Panel 2: Common History in India, Pakistan and Bangladesh

Indo-Pakistan Antagonism: the Impact of the ‘Enigma’ of Indian Kashmir

by Nathalène Reynolds*

When reflecting on the conflict of which Indian Jammu and Kashmir has been the scene since the end of the 1980s, it strikes one that few have taken the trouble to examine the resurgence of a nationalism that had already tried to express itself during the partition of the sub-continent. By tacit agreement, India and Pakistan chose to qualify it rather as a regional particularism. Strange, however, in that this same Kashmiri nationalism - limited to the area of the Valley - would determine, at least in part, the future of the insurrection which broke out at the start of 1990. It was at that time that Kashmir rejected its vision of the history of the sub-continent, a vision that was, it is true, intertwined with the dominant Indian reading.

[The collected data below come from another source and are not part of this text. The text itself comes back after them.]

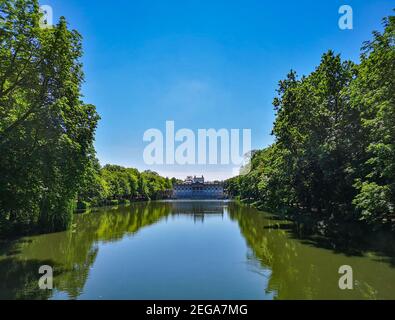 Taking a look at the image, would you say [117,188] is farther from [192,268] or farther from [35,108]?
[192,268]

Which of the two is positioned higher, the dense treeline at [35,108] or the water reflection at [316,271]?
the dense treeline at [35,108]

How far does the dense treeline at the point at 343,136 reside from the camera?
18.4m

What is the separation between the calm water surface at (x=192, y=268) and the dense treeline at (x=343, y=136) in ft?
15.2

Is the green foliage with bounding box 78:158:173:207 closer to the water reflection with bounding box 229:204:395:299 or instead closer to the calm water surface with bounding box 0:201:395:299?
the calm water surface with bounding box 0:201:395:299

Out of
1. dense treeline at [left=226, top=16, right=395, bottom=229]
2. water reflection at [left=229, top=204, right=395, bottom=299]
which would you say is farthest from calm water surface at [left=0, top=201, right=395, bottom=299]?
dense treeline at [left=226, top=16, right=395, bottom=229]

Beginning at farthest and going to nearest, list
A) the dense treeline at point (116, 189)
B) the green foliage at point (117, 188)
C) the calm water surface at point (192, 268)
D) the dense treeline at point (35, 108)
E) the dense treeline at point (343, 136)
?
the green foliage at point (117, 188) < the dense treeline at point (116, 189) < the dense treeline at point (343, 136) < the dense treeline at point (35, 108) < the calm water surface at point (192, 268)

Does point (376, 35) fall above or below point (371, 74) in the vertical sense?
above

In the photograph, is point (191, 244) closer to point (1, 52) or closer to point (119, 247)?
point (119, 247)

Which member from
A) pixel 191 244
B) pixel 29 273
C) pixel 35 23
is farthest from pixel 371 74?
pixel 29 273

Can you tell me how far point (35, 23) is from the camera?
17906 mm

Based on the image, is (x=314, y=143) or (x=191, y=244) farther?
A: (x=314, y=143)

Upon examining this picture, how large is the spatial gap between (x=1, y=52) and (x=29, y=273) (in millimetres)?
12193

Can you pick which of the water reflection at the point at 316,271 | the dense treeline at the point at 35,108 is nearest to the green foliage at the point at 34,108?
the dense treeline at the point at 35,108

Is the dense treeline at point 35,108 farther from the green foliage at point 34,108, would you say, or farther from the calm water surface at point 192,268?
the calm water surface at point 192,268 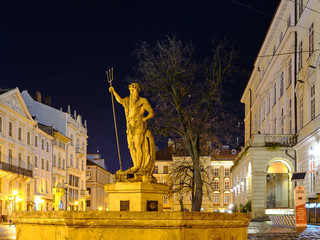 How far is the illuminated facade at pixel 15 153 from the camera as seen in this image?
48.5 m

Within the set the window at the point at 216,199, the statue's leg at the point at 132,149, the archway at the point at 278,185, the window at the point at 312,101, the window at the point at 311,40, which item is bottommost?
the window at the point at 216,199

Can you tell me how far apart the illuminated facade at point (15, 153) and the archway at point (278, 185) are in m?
21.6

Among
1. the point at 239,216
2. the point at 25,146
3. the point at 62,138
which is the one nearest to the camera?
the point at 239,216

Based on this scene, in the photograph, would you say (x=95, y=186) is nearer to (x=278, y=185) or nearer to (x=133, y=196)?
(x=278, y=185)

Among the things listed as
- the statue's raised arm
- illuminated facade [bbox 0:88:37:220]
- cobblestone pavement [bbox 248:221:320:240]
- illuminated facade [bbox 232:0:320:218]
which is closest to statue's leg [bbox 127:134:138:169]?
Answer: the statue's raised arm

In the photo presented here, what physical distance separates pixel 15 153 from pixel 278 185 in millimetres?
26323

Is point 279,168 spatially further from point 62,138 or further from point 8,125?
point 62,138

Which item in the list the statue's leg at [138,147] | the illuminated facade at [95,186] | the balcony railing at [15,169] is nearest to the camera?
the statue's leg at [138,147]

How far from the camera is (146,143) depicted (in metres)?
13.2

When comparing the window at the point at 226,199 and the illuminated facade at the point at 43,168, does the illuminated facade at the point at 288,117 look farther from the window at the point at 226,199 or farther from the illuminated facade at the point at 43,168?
the window at the point at 226,199

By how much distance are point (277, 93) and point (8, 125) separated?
82.3 ft

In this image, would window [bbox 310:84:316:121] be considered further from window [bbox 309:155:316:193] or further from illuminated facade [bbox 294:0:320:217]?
window [bbox 309:155:316:193]

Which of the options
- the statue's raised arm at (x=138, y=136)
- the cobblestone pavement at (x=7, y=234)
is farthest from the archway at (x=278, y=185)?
the statue's raised arm at (x=138, y=136)

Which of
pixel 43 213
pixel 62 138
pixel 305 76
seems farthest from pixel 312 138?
pixel 62 138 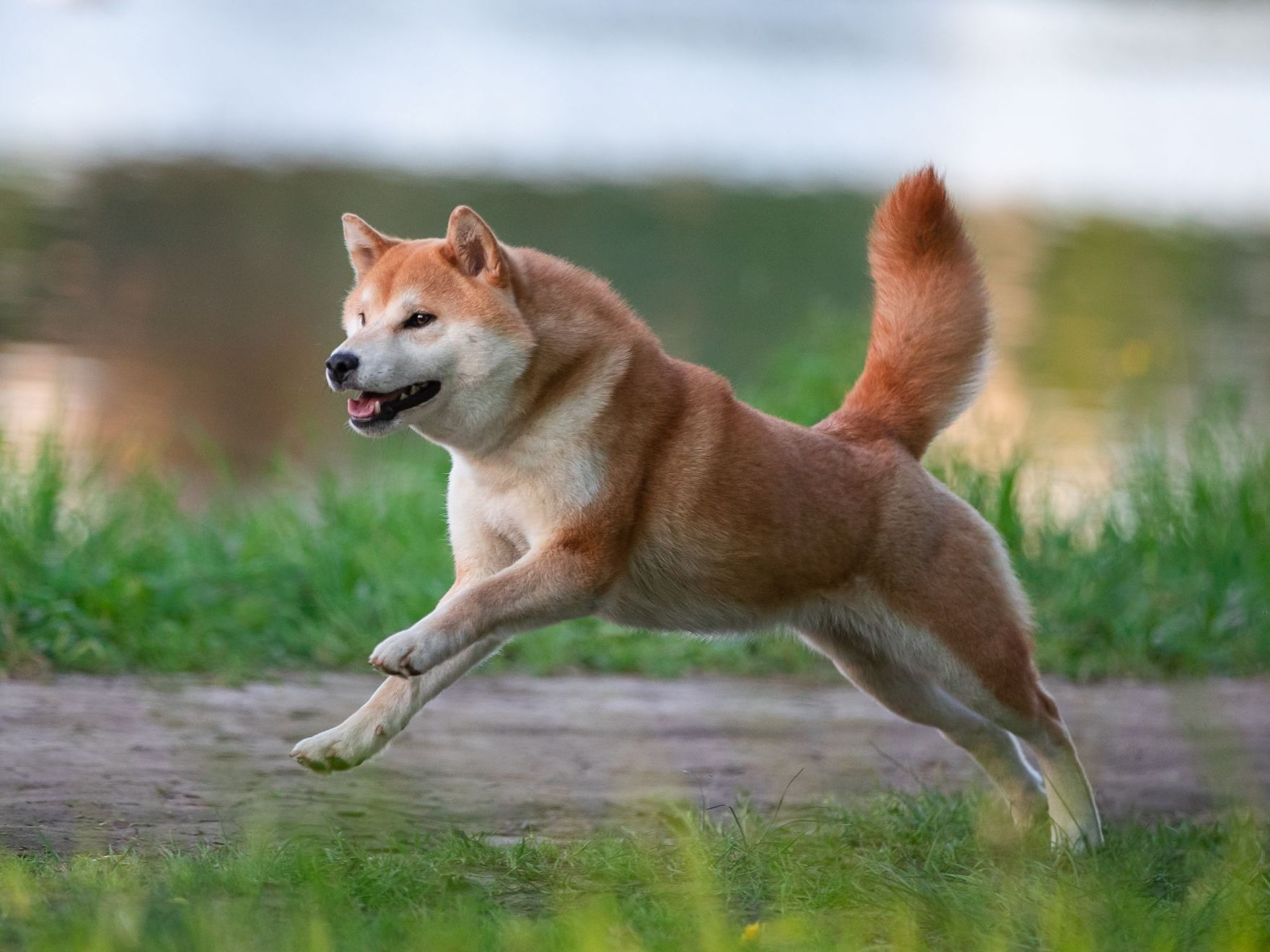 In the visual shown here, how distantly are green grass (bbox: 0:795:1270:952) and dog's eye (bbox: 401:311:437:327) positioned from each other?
1.24 m

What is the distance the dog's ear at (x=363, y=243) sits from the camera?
4246mm

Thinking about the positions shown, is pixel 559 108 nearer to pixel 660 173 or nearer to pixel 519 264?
pixel 660 173

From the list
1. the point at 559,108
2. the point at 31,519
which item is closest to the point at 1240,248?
the point at 559,108

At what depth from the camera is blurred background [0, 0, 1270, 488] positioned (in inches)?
379

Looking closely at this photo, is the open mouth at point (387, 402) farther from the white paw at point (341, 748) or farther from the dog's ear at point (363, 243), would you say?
the white paw at point (341, 748)

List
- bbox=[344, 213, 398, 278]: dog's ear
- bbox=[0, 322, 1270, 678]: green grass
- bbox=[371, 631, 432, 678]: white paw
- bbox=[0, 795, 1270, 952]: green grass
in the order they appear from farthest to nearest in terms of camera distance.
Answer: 1. bbox=[0, 322, 1270, 678]: green grass
2. bbox=[344, 213, 398, 278]: dog's ear
3. bbox=[371, 631, 432, 678]: white paw
4. bbox=[0, 795, 1270, 952]: green grass

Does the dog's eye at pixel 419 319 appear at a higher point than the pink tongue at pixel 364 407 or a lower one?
higher

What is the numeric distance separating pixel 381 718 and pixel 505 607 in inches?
18.1

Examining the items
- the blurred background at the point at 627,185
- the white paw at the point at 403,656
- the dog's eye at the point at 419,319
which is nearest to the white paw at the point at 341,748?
the white paw at the point at 403,656

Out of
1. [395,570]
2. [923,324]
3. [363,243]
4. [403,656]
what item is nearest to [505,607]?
[403,656]

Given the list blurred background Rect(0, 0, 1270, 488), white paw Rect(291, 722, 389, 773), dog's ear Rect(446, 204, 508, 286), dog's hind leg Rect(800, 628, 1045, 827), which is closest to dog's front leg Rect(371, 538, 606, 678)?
white paw Rect(291, 722, 389, 773)

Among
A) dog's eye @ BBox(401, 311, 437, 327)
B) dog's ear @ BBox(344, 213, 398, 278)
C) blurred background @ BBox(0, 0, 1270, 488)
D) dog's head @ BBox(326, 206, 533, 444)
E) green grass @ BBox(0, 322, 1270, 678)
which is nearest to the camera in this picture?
dog's head @ BBox(326, 206, 533, 444)

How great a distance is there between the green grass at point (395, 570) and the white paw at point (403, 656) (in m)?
2.05

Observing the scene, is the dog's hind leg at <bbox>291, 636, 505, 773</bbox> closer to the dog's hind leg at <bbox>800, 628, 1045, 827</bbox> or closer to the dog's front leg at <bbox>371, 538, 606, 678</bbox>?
the dog's front leg at <bbox>371, 538, 606, 678</bbox> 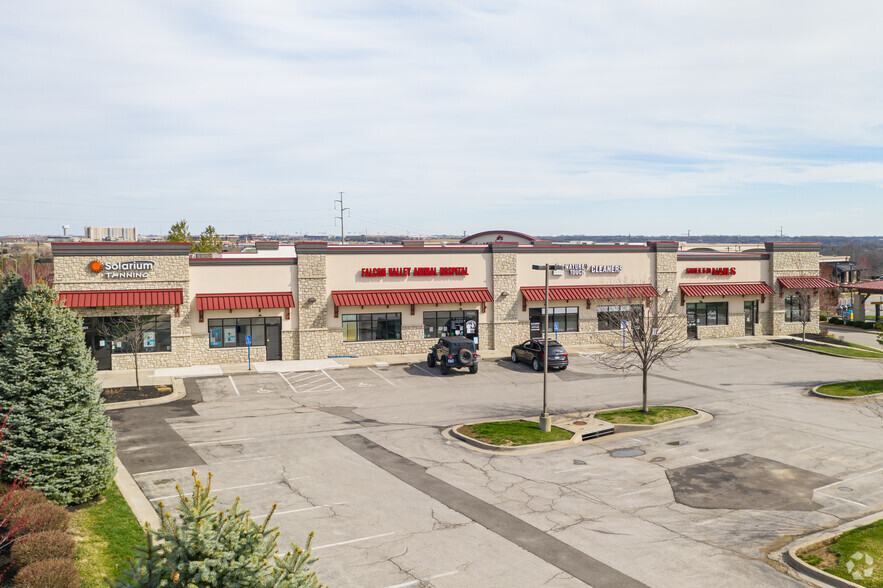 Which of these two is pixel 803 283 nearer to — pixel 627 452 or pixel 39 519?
pixel 627 452

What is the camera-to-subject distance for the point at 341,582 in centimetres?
1443

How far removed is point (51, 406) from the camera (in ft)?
54.7

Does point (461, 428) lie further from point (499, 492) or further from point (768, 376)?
point (768, 376)

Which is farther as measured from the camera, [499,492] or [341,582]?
[499,492]

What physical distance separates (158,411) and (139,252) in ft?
43.9

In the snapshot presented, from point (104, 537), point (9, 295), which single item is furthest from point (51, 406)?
point (9, 295)

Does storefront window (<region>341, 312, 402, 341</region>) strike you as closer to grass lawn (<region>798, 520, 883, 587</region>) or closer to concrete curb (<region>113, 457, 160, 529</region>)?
concrete curb (<region>113, 457, 160, 529</region>)

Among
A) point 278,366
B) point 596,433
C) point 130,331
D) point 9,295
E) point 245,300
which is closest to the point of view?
point 9,295

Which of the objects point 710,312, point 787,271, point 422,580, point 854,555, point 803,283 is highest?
point 787,271

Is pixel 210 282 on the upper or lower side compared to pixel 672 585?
upper

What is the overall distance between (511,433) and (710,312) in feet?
108

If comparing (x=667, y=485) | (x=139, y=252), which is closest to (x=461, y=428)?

Kashmir adopted a version that was somehow tailor-made for it by Pakistan, whose objective was to encourage the Muslims of Indian Jammu and Kashmir to claim their adhesion to the Islamic Republic. An India that had proclaimed the collapse of the ‘two nation theory’ with the coming into being of Bangladesh was accusing Pakistan of engaging in a ‘proxy war’. The populations of India and Pakistan, for their part, were called upon to close ranks in a demonstration of irreproachable adherence to the ‘nation’. As for the citizens of Indian Jammu and Kashmir, they were disoriented by the readiness to ‘forget’ history shown by the older generation. The coup de grace, so to speak, was recently delivered by Islamabad itself: confronted by the rules of a new world order, President Pervez Musharraf denied (albeit indirectly) the myth of the Pakistani ally devoted to the cause of the former princely state.

This brief outline demonstrates the need to undertake a work, in a sense, of ‘reconstruction’. It would consist of revisiting, in the framework of a presentation on this panel, the key episodes (from 1947 up to the contemporary period) giving rise to the Indo-Pakistani antagonism. This approach undertaken by a French (and thus, at least by origin, impartial) researcher would clearly be based on the various studies (principally Pakistani, Indian, British and American) of the subject, but above all on two sources of particular interest which the author has consulted extensively: the French and especially British archives, and notably those which were opened only at the end of the 1990s.

We would also, in examining each of these episodes, present the principal versions of India, Jammu and Kashmir, and Pakistan (to cite them in alphabetical order). Furthermore, we would hope to demonstrate that Indian-administered Kashmir has constituted both a source of, and a backdrop to, the ideological confrontation opposing two states born in difficult circumstances. India and Pakistan - both of which have proclaimed themselves the defenders of the right of peoples to rule themselves - have in turn sought to instrumentalise the quest for autonomy of the different communities of Jammu and Kashmir.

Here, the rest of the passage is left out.